Sie simulieren auch, inwieweit ein Reaktor noch bei einem schweren Störfall beherrschbar ist. Hier geht es um die Frage, ob die Reaktoren dann sicher abgeschaltet und die Brennelemente gekühlt werden können. Die Prüfkommission unterstellt dabei unterschiedliche Notfälle, wie beschädigte Brennelemente, einen längeren Ausfall der Notstromversorgung und den Ausfall der Kühlung. Eine weitere Rolle spielen terroristische Anschläge durch gezielte Flugzeugattacken oder Angriffe auf die Computersysteme der Kraftwerke.

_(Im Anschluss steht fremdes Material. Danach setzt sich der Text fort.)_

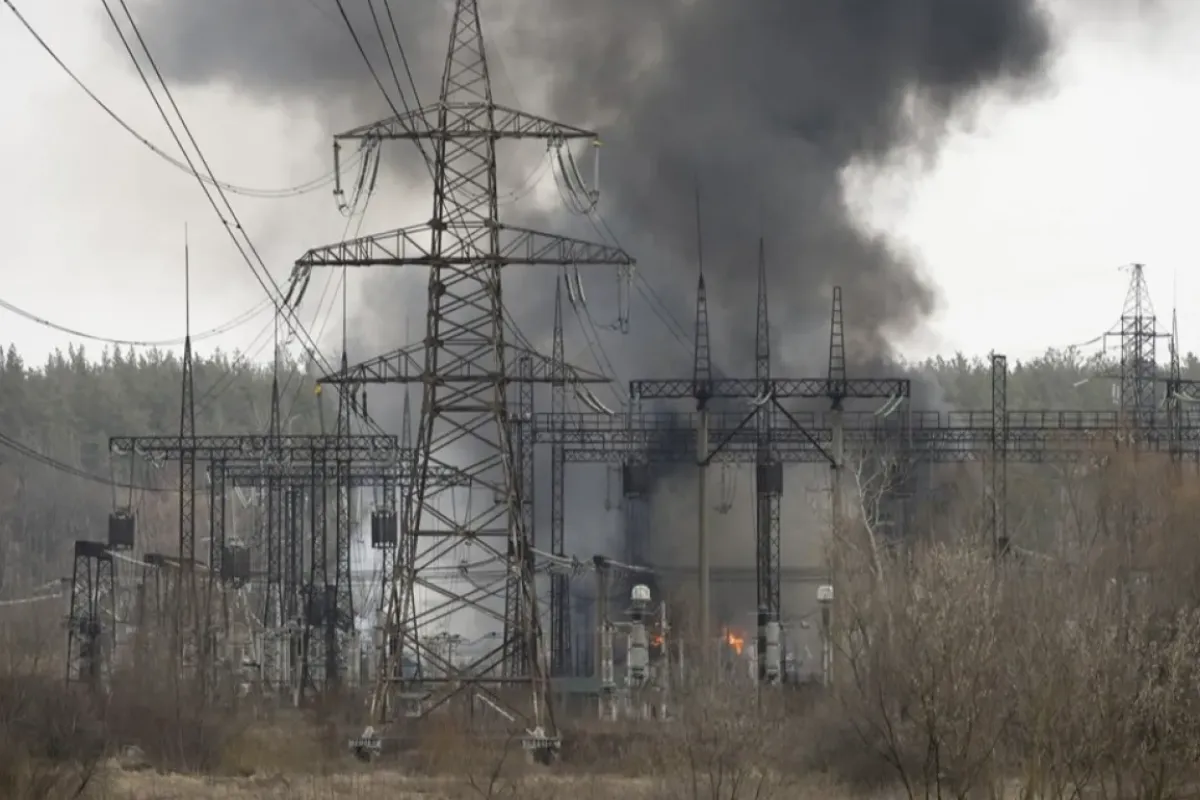 Instalații electrice lovite de rachete în Harkov, Ucraina, 22 martie 2024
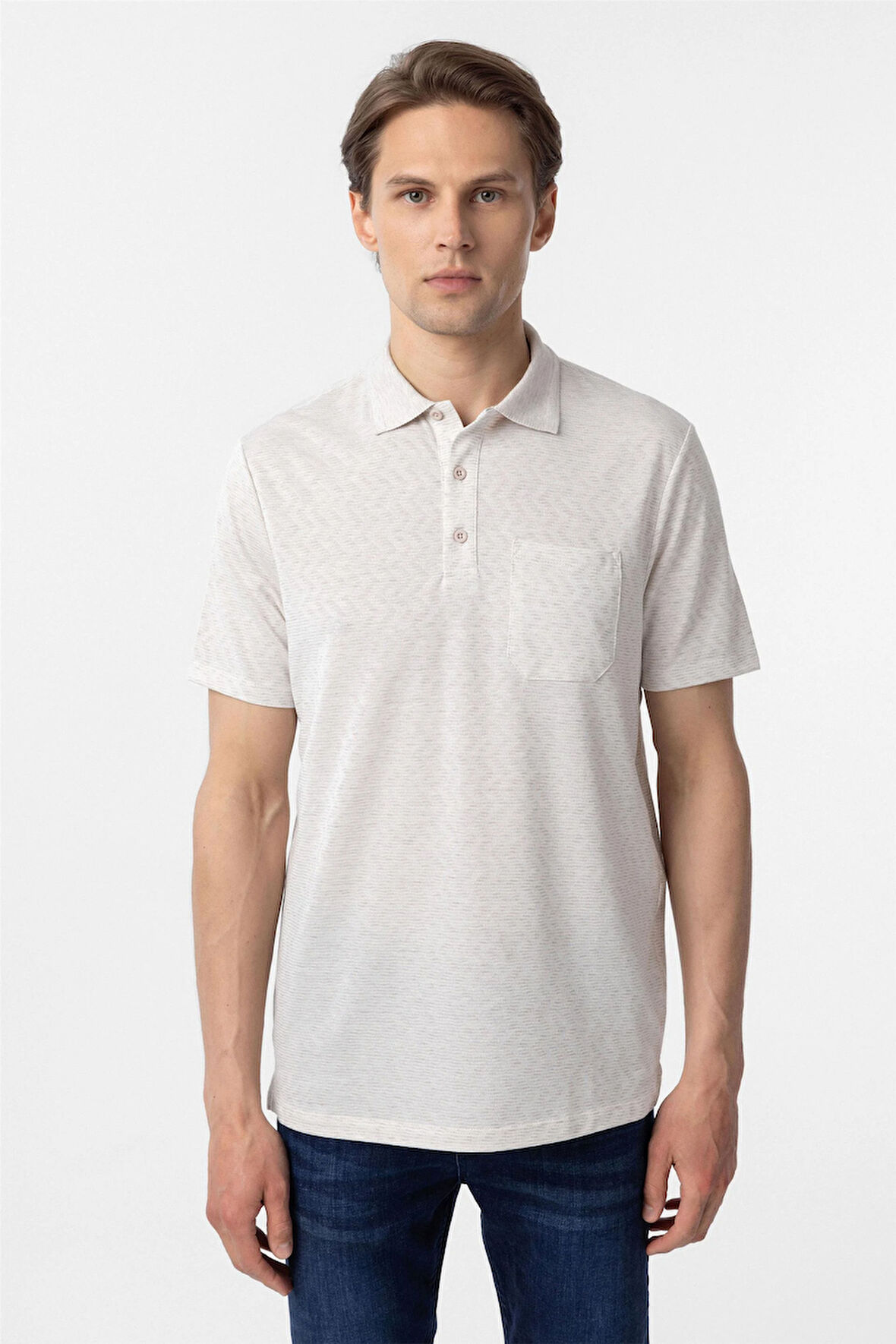 Ekru Regular Armürlü Polo Yaka Tişört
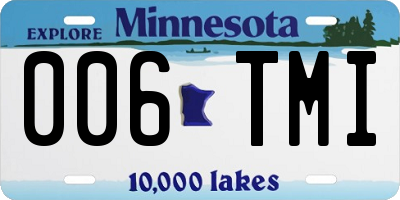 MN license plate 006TMI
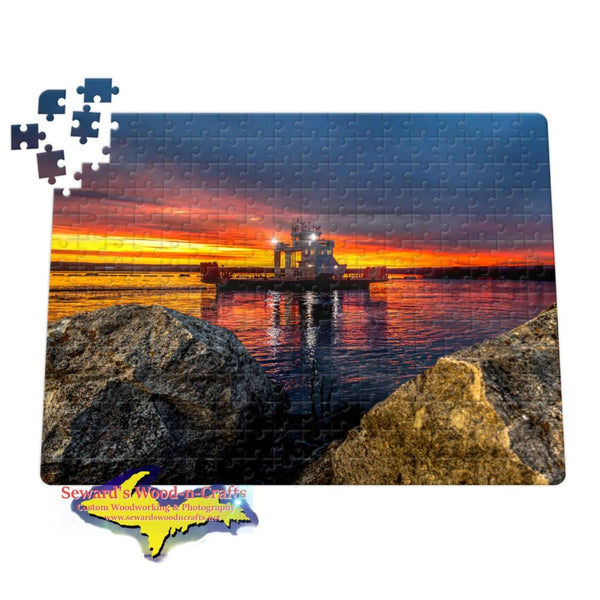 Michigan Jigsaw Puzzles Sugar Island Ferry Sunrise at Mission Point Sault Michigan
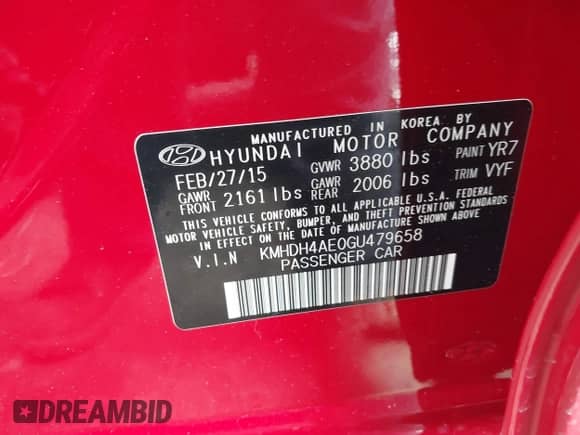 2016 Hyundai Elantra Value Edition with VIN KMHDH4AE0GU479658, listed as a IAAI auction lot 42351149 with 202,088 mi miles and . Bid and sale history available at DreamBid. Image 9.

Bei dem Stresstest handelt es sich um eine Schreibtischtätigkeit. Die sieben Arbeitsgruppen der Prüfkommission bekommen Daten von den Kraftwerksbetreibern und stellen danach Berechnungen an. Nur wenn es hier zu unplausiblen Ergebnissen kommt, sind Prüfungen vor Ort geplant, kündigte RSK-Chef Rudolf Wieland an.

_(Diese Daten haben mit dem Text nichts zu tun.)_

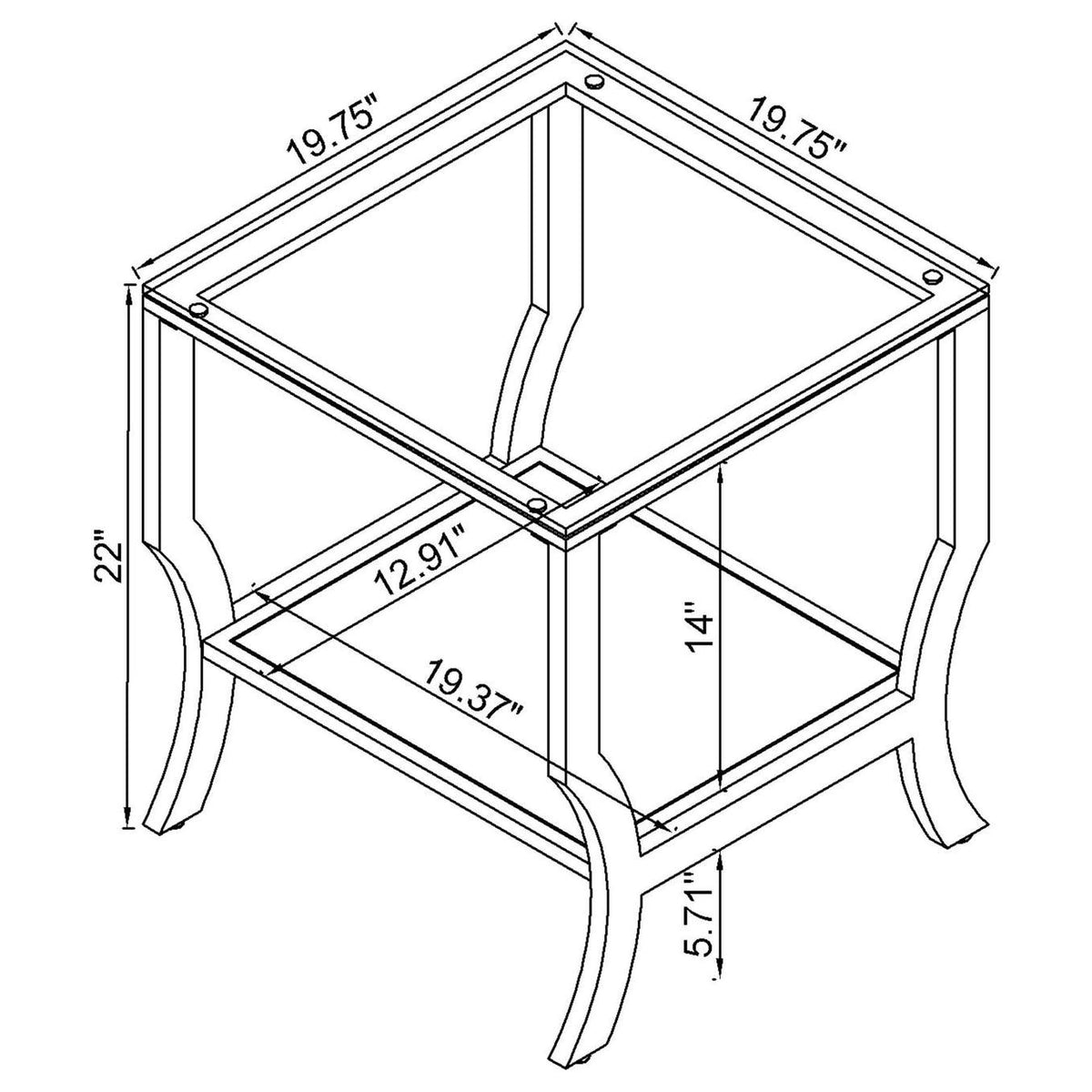 720338-S3 Saide 3-piece Glass Top Coffee and End Table Set Chrome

Erster Bericht soll bis 15. Mai vorliegen
Bis zum 15. Mai wird die Kommission einen ersten, noch nicht abschließenden Bericht vorlegen. Die Ergebnisse sind nicht bindend, sondern dienen als wissenschaftliche Grundlage für die politische Debatte um die Zukunft der Kernkraft. Auf deren Basis soll die Ethikkommission, die die Regierung eingesetzt hat, Empfehlungen ausarbeiten.

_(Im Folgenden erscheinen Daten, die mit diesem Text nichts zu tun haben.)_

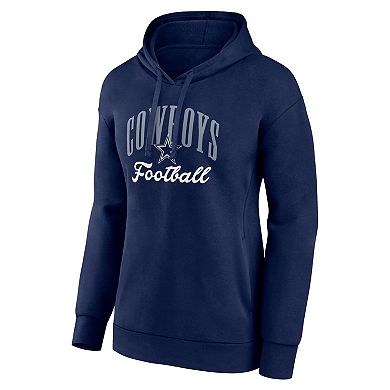 Women's Fanatics Branded Navy Dallas Cowboys Team Logo Victory Script Pullover Hoodie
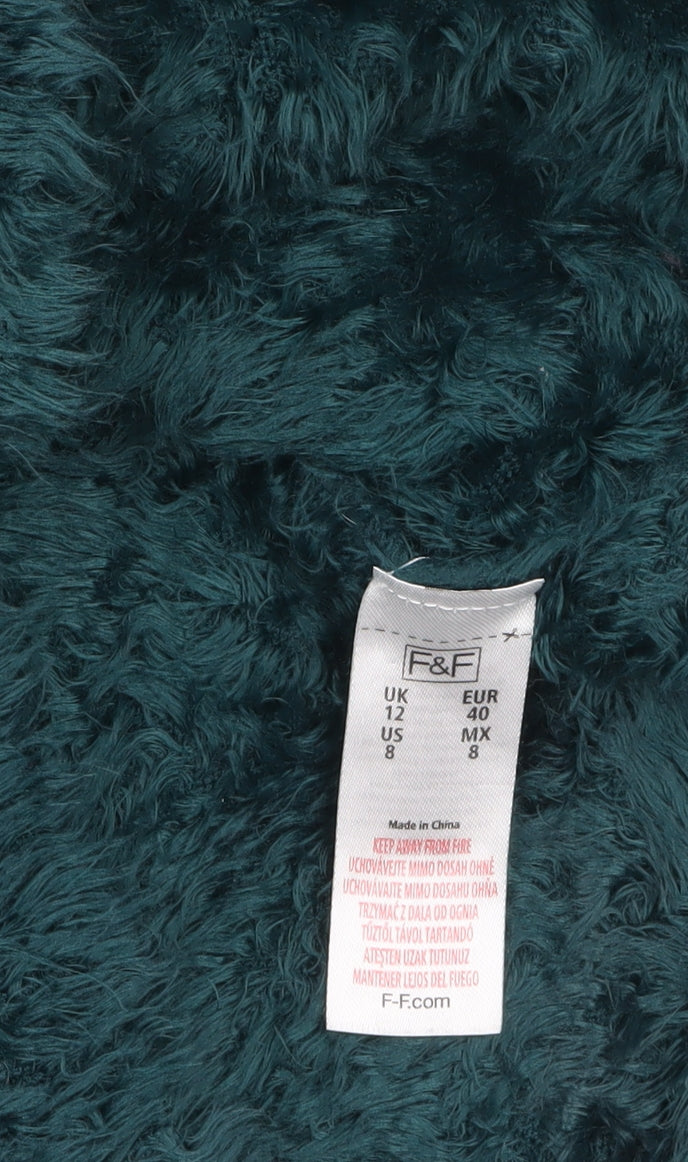 F&F Women’s Green Long Sleeve Fuzzy V-Neck Pullover Jumper Size 12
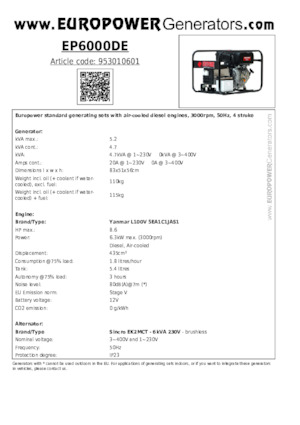 Grupos electrógenos diesel Europower EP6000DE (S)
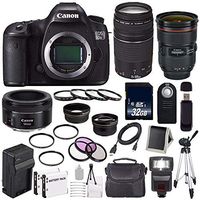 Canon EOS 5DS R DSLR Camera (Body Only) + Canon EF 24-70mm f/2.8L II USM Lens + Canon EF 75-300mm f/4-5.6 III Lens + Canon EF 50mm f/1.8 STM Lens + LP-E6 Replacement Battery + Charger + 32GB Bundle
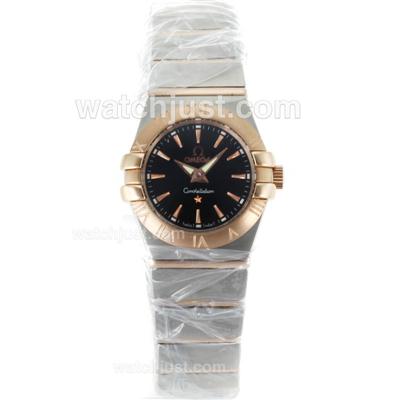 Omega Constellation Two Tone Stick Markers with Black Dial-Same Chassis as ETA Version-Lady Size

Die Grünen halten von der kompletten Prüfliste wenig. „Es werden keine Kriterien genannt, nach denen geprüft werden soll, es finden sich bloß Themen, die man sich anschauen will“, sagte Umweltexpertin Bärbel Höhn dieser Zeitung. „Dabei kann alles und nichts herauskommen.“ Höhn stellte auch die Neutralität der RSK in Frage. Das 16-köpfige Gremium berät das Umweltministerium in Sicherheitsfragen der Atomkraftwerke und ist formell unabhängig. Doch neben Physikern und Ingenieuren sind Vertreter der Atomkonzerne Areva und Eon in der RSK.
AKW-Betreiber, AKW-Hersteller und atomfreundliche Gutachter hätten hier „eine deutliche Mehrheit“, sagte Höhn.